Sometimes the synthetic defaults from mock_provider are not enough. You may need a resource or data source to return a specific value so that downstream logic can be tested. override_resource and override_data let you pin individual attributes to the values you need.

main.tftest.hcl
mock_provider "aws" {
override_resource {
target = aws_s3_bucket.example
values = {
arn = "arn:aws:s3:::test-bucket-1234"
hosted_zone_id = "Z3AQBSTGFYJSTF"
}
}
override_data {
target = data.aws_caller_identity.current
values = {
account_id = "123456789012"
}
}
}
run "arn_is_correct" {
command = plan
assert {
condition = aws_s3_bucket.example.arn == "arn:aws:s3:::test-bucket-1234"
error_message = "Bucket ARN does not match the overridden value."
}
}

Overrides are useful when your configuration references computed attributes — such as ARNs, IDs, or account numbers — that would otherwise be empty in a fully mocked run.

You can mock some providers while keeping others real by using provider aliases. This is helpful when you want to test against a real backend (for example, a Terraform state store) but mock the provider that provisions expensive or slow resources.

main.tftest.hcl
mock_provider "aws" {
alias = "fake"
}
provider "aws" {
region = "us-west-2"
}
run "mixed_providers" {
providers = {
aws = aws # real provider for resources that need it
aws.mock = aws.fake # mocked provider for everything else
}
assert {
condition = aws_s3_bucket.example.bucket == "test-bucket-1234"
error_message = "Bucket name does not match."
}
}

The alias approach gives you fine-grained control over which parts of your configuration talk to real APIs and which parts run against mocks.

Both command = plan and mock_provider let you test without creating real infrastructure, but they work differently:

ApproachCredentials requiredComputed values availableSpeed
command = planYes — Terraform calls the provider to generate the planYes — the provider calculates computed attributesFast, but requires valid credentials
mock_providerNo — the provider is never calledOnly synthetic defaults or explicit overridesVery fast, no credentials needed

Use command = plan when you need accurate computed values from the provider (such as ARNs or availability-zone lists) and have credentials available. Use mock_provider when you want the fastest possible feedback, need to run tests without any cloud access, or want to eliminate cost entirely.

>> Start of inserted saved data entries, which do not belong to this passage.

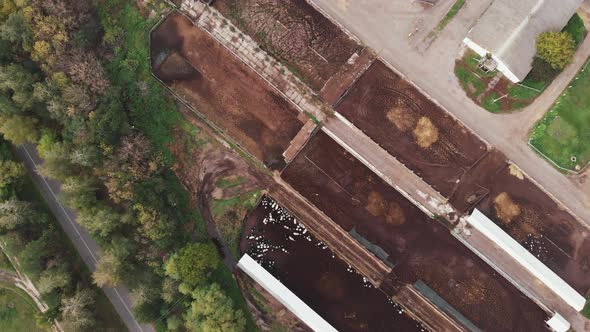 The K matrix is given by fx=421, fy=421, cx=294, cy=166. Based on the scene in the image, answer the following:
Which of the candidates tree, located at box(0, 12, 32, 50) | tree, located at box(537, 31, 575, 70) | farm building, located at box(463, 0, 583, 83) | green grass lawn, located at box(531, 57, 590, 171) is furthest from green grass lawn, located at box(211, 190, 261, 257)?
tree, located at box(537, 31, 575, 70)

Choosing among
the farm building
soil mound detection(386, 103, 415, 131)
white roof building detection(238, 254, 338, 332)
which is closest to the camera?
white roof building detection(238, 254, 338, 332)

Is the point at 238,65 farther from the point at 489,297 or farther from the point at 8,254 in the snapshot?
the point at 489,297

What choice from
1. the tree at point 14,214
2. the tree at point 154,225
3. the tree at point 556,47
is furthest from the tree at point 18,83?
the tree at point 556,47

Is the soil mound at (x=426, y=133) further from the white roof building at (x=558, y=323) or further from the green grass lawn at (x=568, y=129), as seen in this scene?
the white roof building at (x=558, y=323)

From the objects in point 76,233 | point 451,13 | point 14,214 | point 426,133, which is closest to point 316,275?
point 426,133

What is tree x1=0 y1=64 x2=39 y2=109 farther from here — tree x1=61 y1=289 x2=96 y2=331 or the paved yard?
the paved yard

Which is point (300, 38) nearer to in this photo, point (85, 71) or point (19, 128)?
point (85, 71) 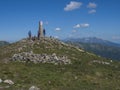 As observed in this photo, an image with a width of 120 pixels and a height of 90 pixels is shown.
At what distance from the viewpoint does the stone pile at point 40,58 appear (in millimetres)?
63869

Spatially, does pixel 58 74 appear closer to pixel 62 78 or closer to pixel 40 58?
pixel 62 78

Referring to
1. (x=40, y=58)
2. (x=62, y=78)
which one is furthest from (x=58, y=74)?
(x=40, y=58)

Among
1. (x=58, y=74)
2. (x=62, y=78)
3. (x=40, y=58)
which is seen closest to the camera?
(x=62, y=78)

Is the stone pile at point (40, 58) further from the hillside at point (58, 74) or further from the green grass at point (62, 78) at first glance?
the green grass at point (62, 78)

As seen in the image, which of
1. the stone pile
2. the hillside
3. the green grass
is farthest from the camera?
the stone pile

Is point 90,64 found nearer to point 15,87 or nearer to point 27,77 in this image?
point 27,77

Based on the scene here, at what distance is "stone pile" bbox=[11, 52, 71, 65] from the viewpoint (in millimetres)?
63869

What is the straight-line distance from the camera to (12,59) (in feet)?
218

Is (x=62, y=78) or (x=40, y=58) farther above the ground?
(x=40, y=58)

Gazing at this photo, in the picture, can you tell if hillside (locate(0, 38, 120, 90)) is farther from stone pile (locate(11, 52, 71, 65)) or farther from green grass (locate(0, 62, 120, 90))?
stone pile (locate(11, 52, 71, 65))

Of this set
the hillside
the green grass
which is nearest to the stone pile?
the hillside

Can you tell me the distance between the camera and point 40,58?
215 ft

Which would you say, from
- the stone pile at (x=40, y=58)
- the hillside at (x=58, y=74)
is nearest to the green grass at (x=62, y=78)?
the hillside at (x=58, y=74)

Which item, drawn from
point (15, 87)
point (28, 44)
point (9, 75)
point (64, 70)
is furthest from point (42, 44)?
point (15, 87) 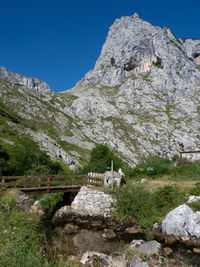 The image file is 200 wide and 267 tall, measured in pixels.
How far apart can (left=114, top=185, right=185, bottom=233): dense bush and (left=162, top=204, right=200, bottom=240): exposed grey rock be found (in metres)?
1.80

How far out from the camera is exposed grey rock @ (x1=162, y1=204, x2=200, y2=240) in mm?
14641

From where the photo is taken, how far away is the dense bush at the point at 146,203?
59.4 ft

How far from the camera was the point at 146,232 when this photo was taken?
16.4m

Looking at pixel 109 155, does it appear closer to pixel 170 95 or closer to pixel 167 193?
pixel 167 193

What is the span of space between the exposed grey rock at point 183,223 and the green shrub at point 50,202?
47.4 ft

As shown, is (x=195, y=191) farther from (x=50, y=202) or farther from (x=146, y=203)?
(x=50, y=202)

The two approaches can be combined in the same test file — some run blocks can use mocked providers while others use real ones.

Read more about test mocking in the Terraform documentation.

terraform test, check blocks, and test mocking give you three complementary approaches to validating your Terraform code. Tests verify that your modules behave correctly before deployment, check blocks monitor your running infrastructure on every plan and apply, and mocking lets you run tests without cloud credentials, cost, or delays.

Writing tests gives you early error detection and lets you validate changes before they reach a real environment, reducing the risk of unexpected failures during deployment. Adding check blocks extends that validation into your ongoing workflow, surfacing warnings about infrastructure drift or external issues without blocking your changes. Mocking takes this further by removing the need for real provider access, making it practical to run your full test suite in any environment.